L’Algérie n’a donc pas songé à diversifier son économie. Pire, confiante en l’avenir, elle n’a pratiquement fait aucun effort pour attirer les investissements directs étrangers. Ainsi, la loi 51/49% qui fixe la limite du capital que peuvent détenir des étrangers dans une entreprise a été votée et étendue à pratiquement tous les secteurs. Une manière de dire aux investisseurs étrangers, nous n’avons pas besoins de vous ? C’est ce que pensent beaucoup en tout cas. Quoi qu’il en soit, ces dispositions réduisent sensiblement l’attractivité du pays. De sorte qu’à la fin de l’euphorie pétrolière, les cours qui sont passés de 140 à 45 dollars entre 2012 et 2016 n’arrangent pas les choses pour le Trésor. L’économie algérienne n’a pas eu de relais capables d’assurer des recettes régulières différentes du pétrole.

Les salaires explosent au Nigéria

Au Nigéria, le schéma est le même. Les recettes supplémentaires issues de la manne pétrolière ont atteint quelque 14 milliards de dollars. 14 milliards qui partaient en fumée à peine étaient-ils encaissés. Ainsi, comme en Algérie, l’année 2010 qui correspondait à l’élection présidentielle a vu les salaires minimums portés à 18.000 nairas. Ainsi, la masse salariale qui n’était que de 443 milliards de nairas en 2005 est passée à quelque 1.700 milliards de nairas en 2012.

La similarité entre les deux pays est déconcertante. Sauf qu’au Nigéria, il faut également tenir compte de la corruption, notamment sous le règne de Goodluck Jonathan. Ainsi, 60 millions de litres de carburants étaient déclarés à l’importation en 2011. Il faut rappeler que le Nigéria est en sous capacité de raffinage.
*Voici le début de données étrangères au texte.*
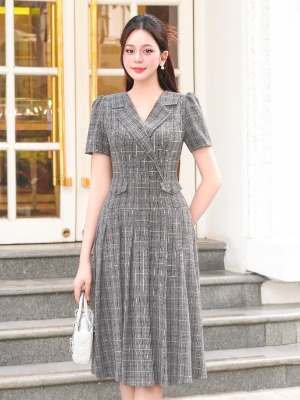 Đầm Caro Vest Xám Xếp Ly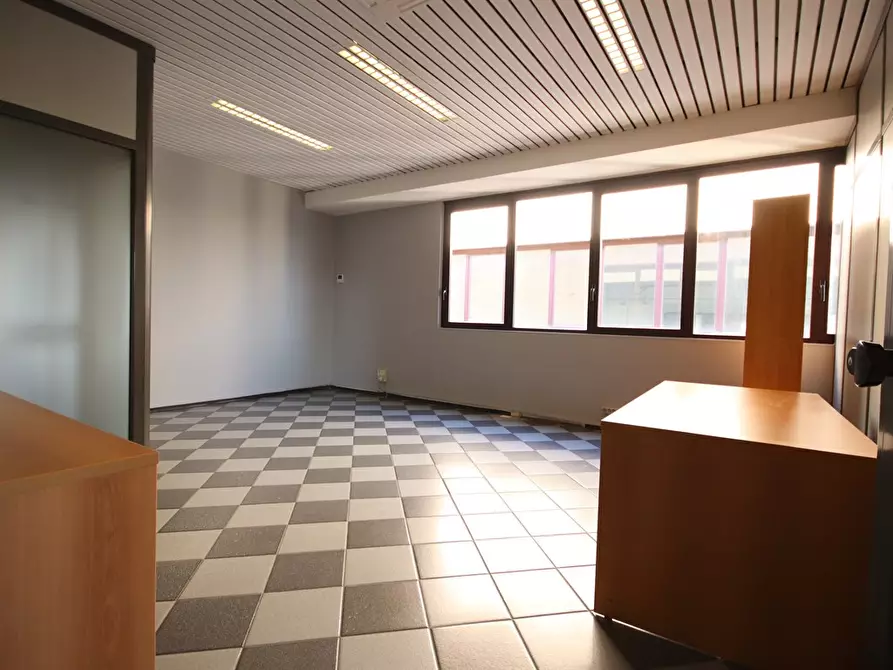 Immagine 3 di Ufficio in affitto  in Viale Gian Battista Stucchi 62 a Monza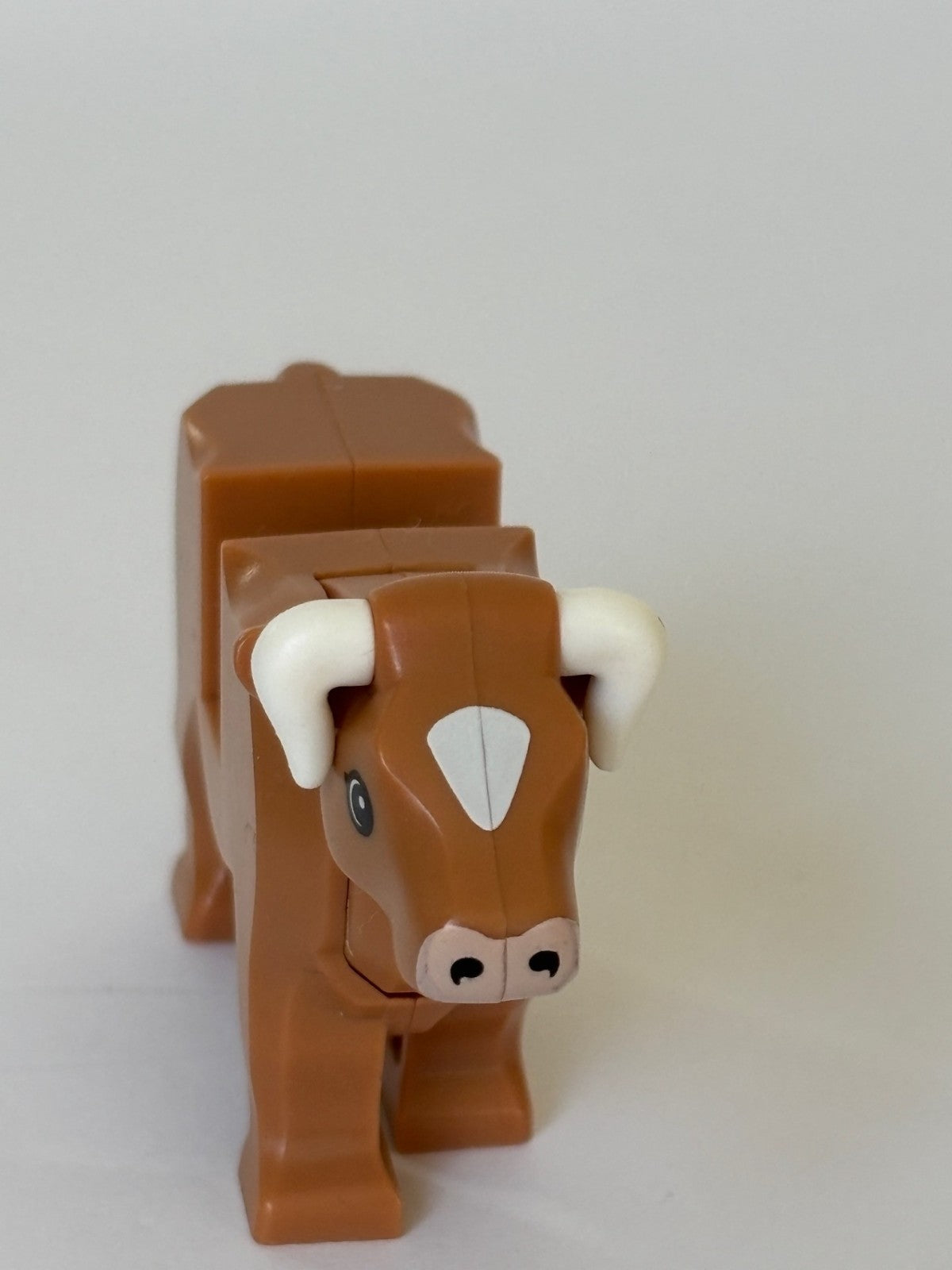 LEGO Medium Nougat City Barn Farm Cow Animal With Small Short White Horns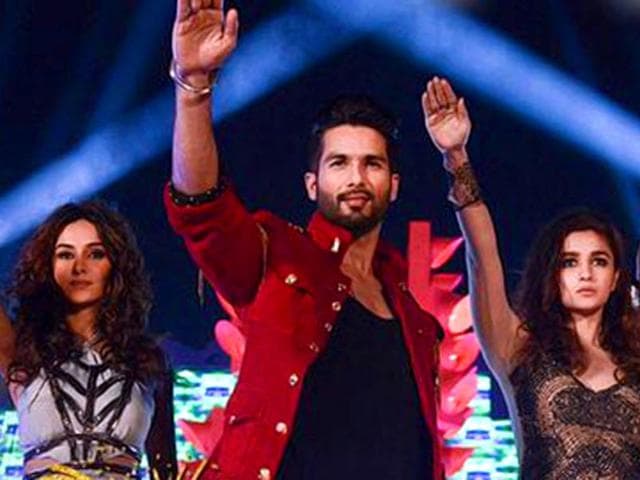 Shahid Kapoor and Alia Bhatt in Shaam Shaandaar.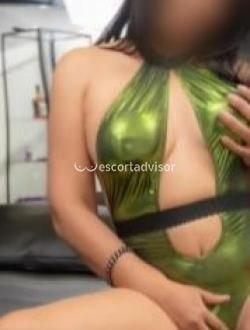 Escort 3899833976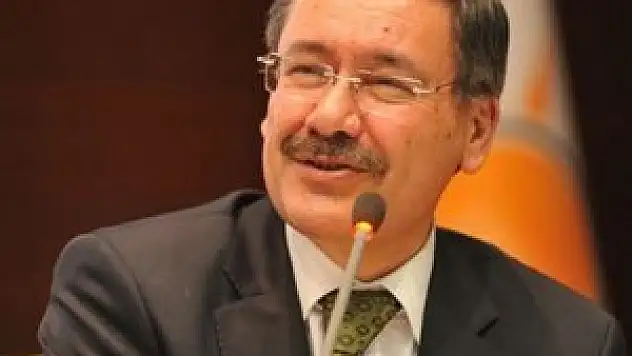 Melih Gökçek CHP'ye seçim şarkısı önerdi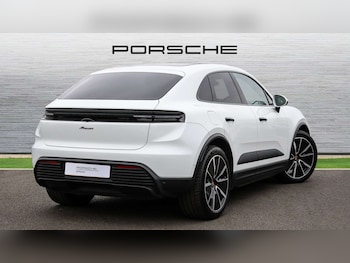 Used Porsche Macan 2024 for sale - 79282353: Photo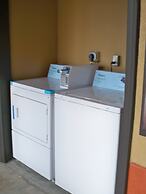 Scottish Inn & Suites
Par conséquent, il importe une bonne partie de son carburant et les subventionne, alors que le pays est l'un des gros producteur et exportateur du brut en Afrique.

Une corruption à grande échelle

Mais, selon Sanusi Lamido qui était alors gouverneur de la Banque centrale nigériane, "tout ceci n’était que mensonge". Les chiffres étaient gonflés par des importateurs véreux qui recevaient gratuitement des milliards de dollars de subventions avec la complicité des dirigeants. "C’est comme cela que des dizaines de Nigérians sont devenus milliardaires ou au moins millionnaires", dénonce Sanusi Lamido. La preuve : aujourd’hui, quand l’argent du pétrole a disparu, et avec l'avènement du président Buhari, les importations sont subitement redescendues à quelque 3 millions de litres de carburants par jour. La vaste chaîne de corruption comprenait aussi bien les responsables de la douane, les autorités portuaires, les agents du ministère des Finances. Ainsi, chaque année, jusqu’à 7 milliards de dollars partaient en fumée.